-- Saved data entries --
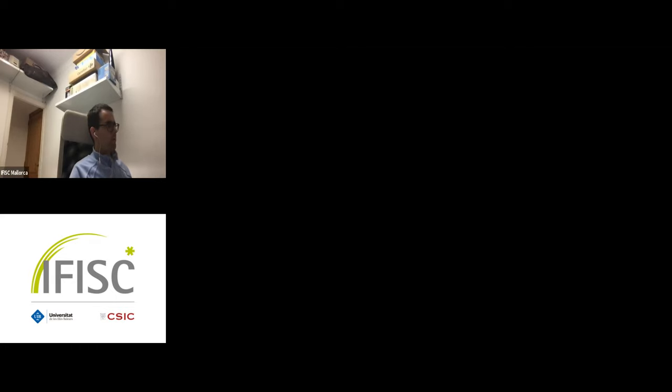Any other questions or comments? I don't see anybody. Well, in that case, we thank Eric again.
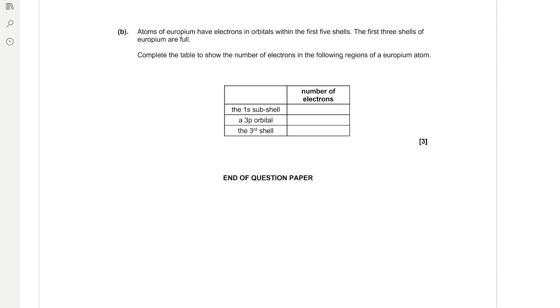Atoms of europium have electrons in orbitals within the first five shells. The first three shells of europium are full. Complete the table to show the number of electrons in the following regions of europium atoms. So in the 1s subshell, we'll always have two electrons because there's one s orbital and each orbital can hold two electrons.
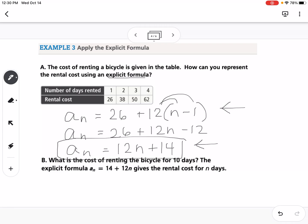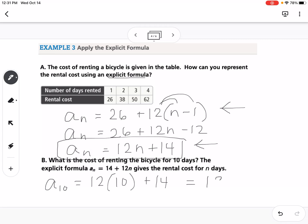Then it asks for the cost of renting the bicycle for 10 days. The explicit formula is great for this — you just plug in the term number you want. For the 10th term: 12 times 10 plus 14 equals 120 plus 14, which is $134. That's how we use the explicit formula.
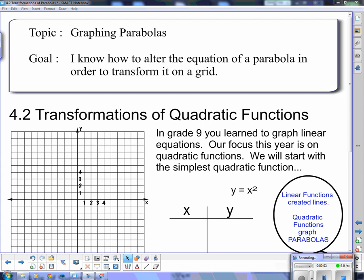Good day, and welcome to the second lesson of our new unit. Our topic today is graphing parabolas. Our goal: I know how to alter the equation of a parabola in order to transform it on a grid.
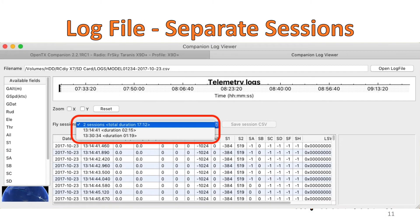Companion's log viewer can now separate a single log file into sessions and export each session into their own log file.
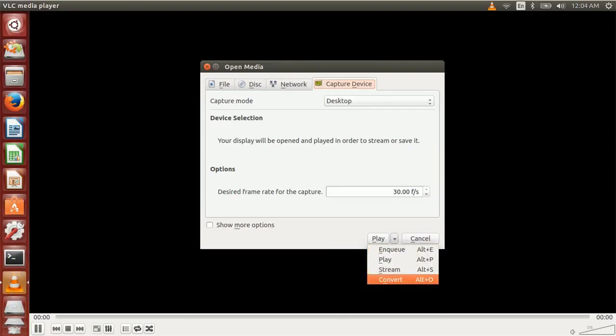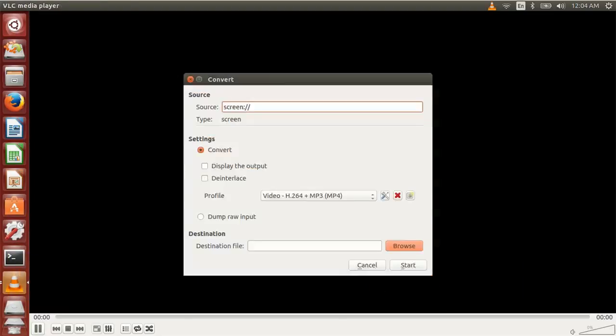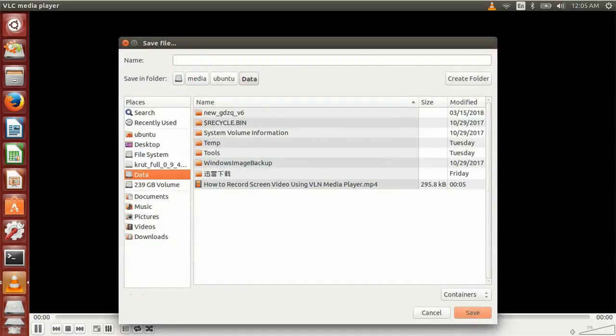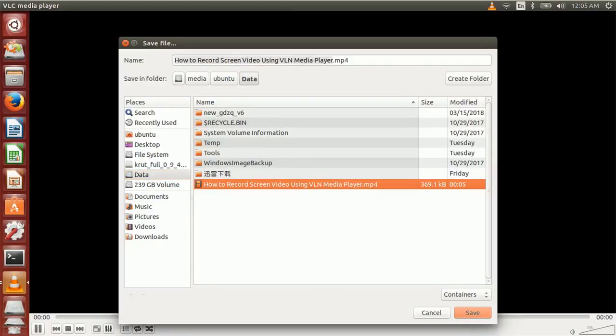Choose the right destination folder and file name to save the converted file, which is your captured screen video file.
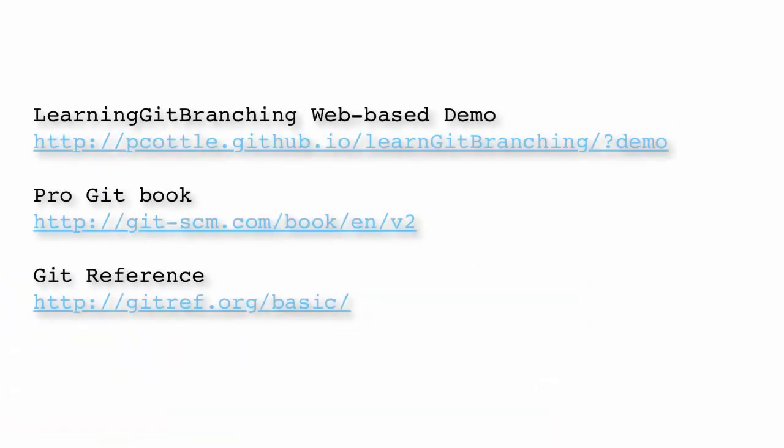Well, we've come to the end of this tutorial and I really hope it helps you get started. If you are interested in learning more about Git, I invite you to visit these resources, especially the learning Git branching demo if you want to learn while having fun. I wish you all a very successful senior project class.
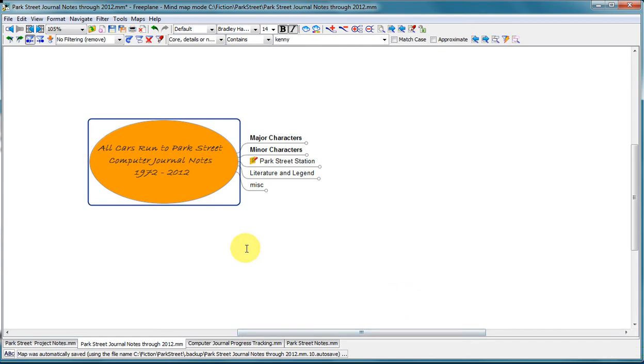I'm Steve Carter. In this video, I'm going to be talking about two software programs that I use for organizing my writing.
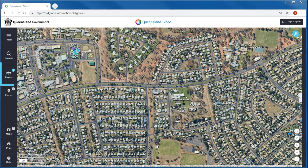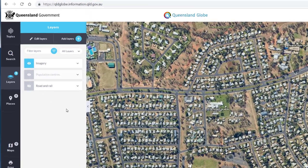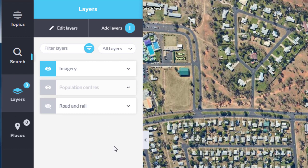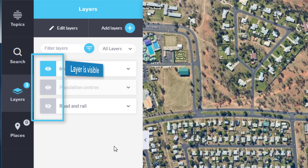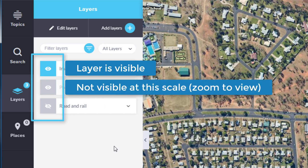Layers is another way we can add data to the map. Click to open the layers panel. The data layers you currently have open will be displayed. Whether a layer is visible within your map window is indicated by the eye symbol. Where the symbol is blue, it means the layer is currently visible in your map. A grey eye symbol means the layer is not visible at that map scale.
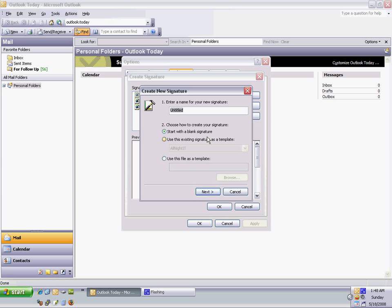Type whatever name you want, and start with a blank signature. Hit Next.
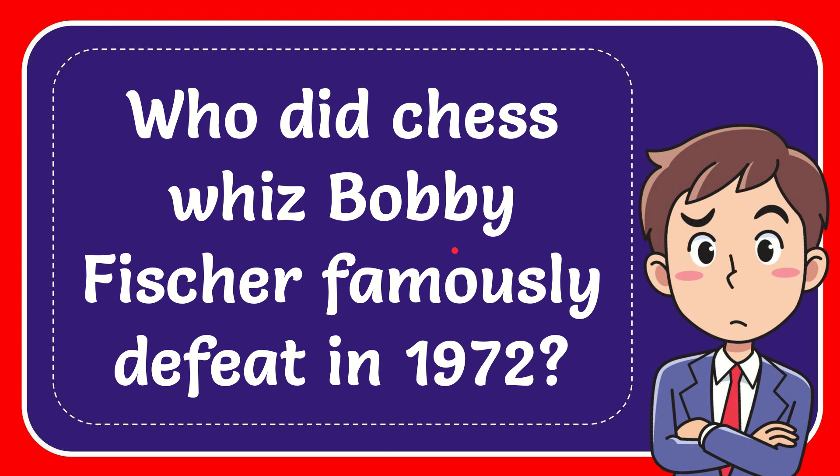In this video, I'm going to give you the answer to this question. The question is: Who did chess whiz Bobby Fischer famously defeat in 1972?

-- About this task --
Could you copy every record above exactly, leaving out the pictures?

-- Response --
Any other questions or comments? I don't see anybody. Well, in that case, we thank Eric again.
Atoms of europium have electrons in orbitals within the first five shells. The first three shells of europium are full. Complete the table to show the number of electrons in the following regions of europium atoms. So in the 1s subshell, we'll always have two electrons because there's one s orbital and each orbital can hold two electrons.
Then it asks for the cost of renting the bicycle for 10 days. The explicit formula is great for this — you just plug in the term number you want. For the 10th term: 12 times 10 plus 14 equals 120 plus 14, which is $134. That's how we use the explicit formula.
Good day, and welcome to the second lesson of our new unit. Our topic today is graphing parabolas. Our goal: I know how to alter the equation of a parabola in order to transform it on a grid.
Companion's log viewer can now separate a single log file into sessions and export each session into their own log file.
Choose the right destination folder and file name to save the converted file, which is your captured screen video file.
Well, we've come to the end of this tutorial and I really hope it helps you get started. If you are interested in learning more about Git, I invite you to visit these resources, especially the learning Git branching demo if you want to learn while having fun. I wish you all a very successful senior project class.
I'm Steve Carter. In this video, I'm going to be talking about two software programs that I use for organizing my writing.
Layers is another way we can add data to the map. Click to open the layers panel. The data layers you currently have open will be displayed. Whether a layer is visible within your map window is indicated by the eye symbol. Where the symbol is blue, it means the layer is currently visible in your map. A grey eye symbol means the layer is not visible at that map scale.
Type whatever name you want, and start with a blank signature. Hit Next.
In this video, I'm going to give you the answer to this question. The question is: Who did chess whiz Bobby Fischer famously defeat in 1972?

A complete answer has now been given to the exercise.